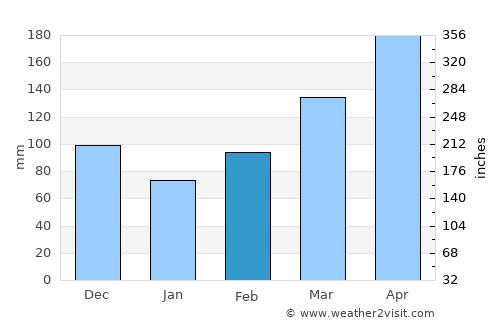 Byumba average rain in February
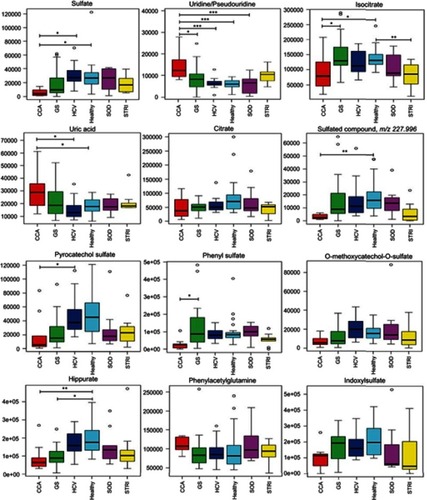 Figure 8 Box and whisker plots of compounds different between cholangiocarcinoma (CCA) cases and benign controls: ESI− metabolites. *p 0.05, **p 0.01 and ***p 0.001. Y-axis= relative intensity.Abbreviations: CCA, cholangiocarcinoma; GS, gallstones; SOD, sphincter of Oddi dysfunction; STRI, strictures; HCV, noncirrhotic hepatitis C.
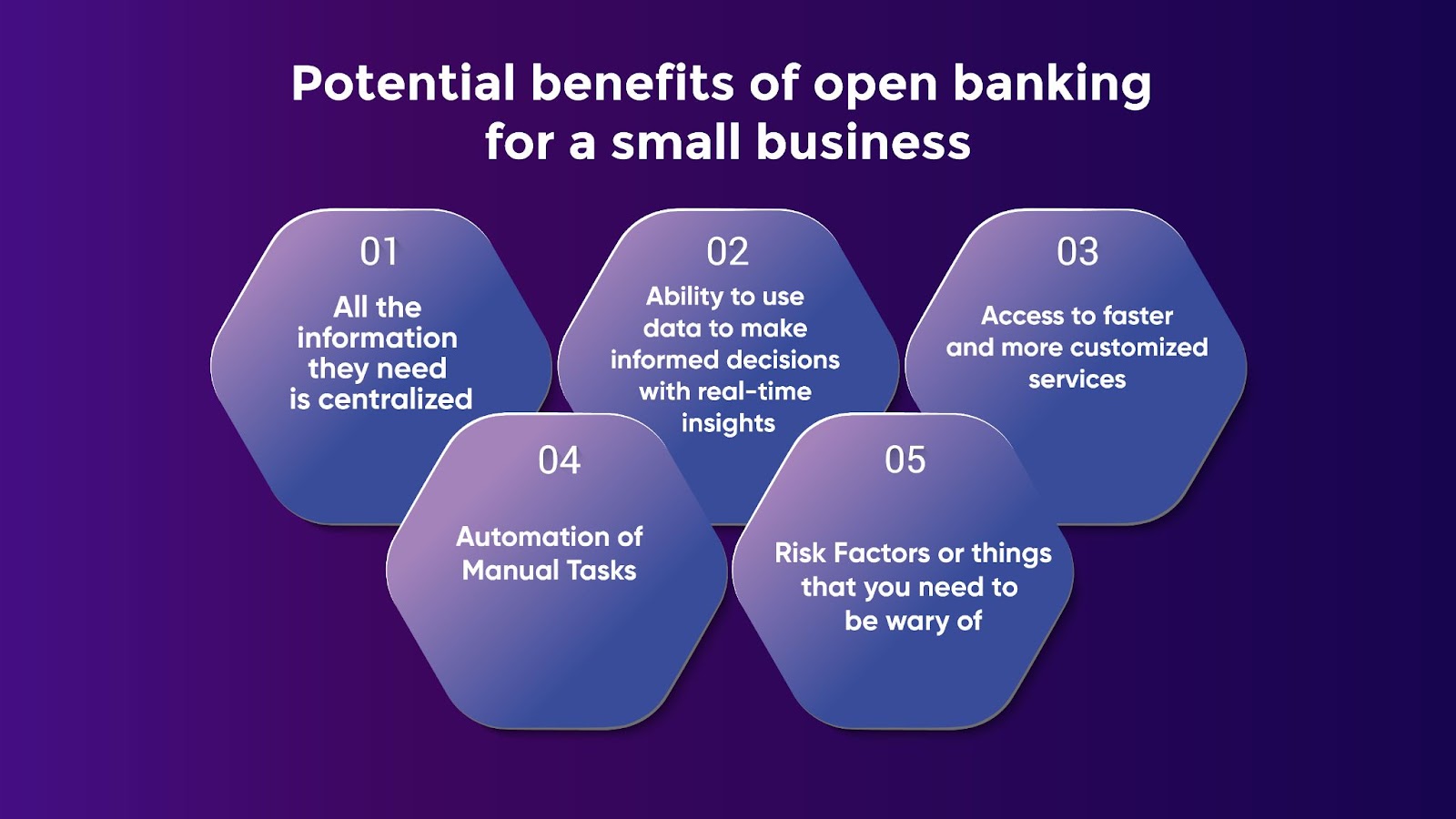 Potential benefits of open banking for a small business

------------------------------------------------

Everything from the line with "Figure 8 Box" through the last line above should be reproduced exactly, both ends included; pictures must be omitted.

## WRITTEN RESPONSE
 Figure 8 Box and whisker plots of compounds different between cholangiocarcinoma (CCA) cases and benign controls: ESI− metabolites. *p 0.05, **p 0.01 and ***p 0.001. Y-axis= relative intensity.Abbreviations: CCA, cholangiocarcinoma; GS, gallstones; SOD, sphincter of Oddi dysfunction; STRI, strictures; HCV, noncirrhotic hepatitis C.
 Potential benefits of open banking for a small business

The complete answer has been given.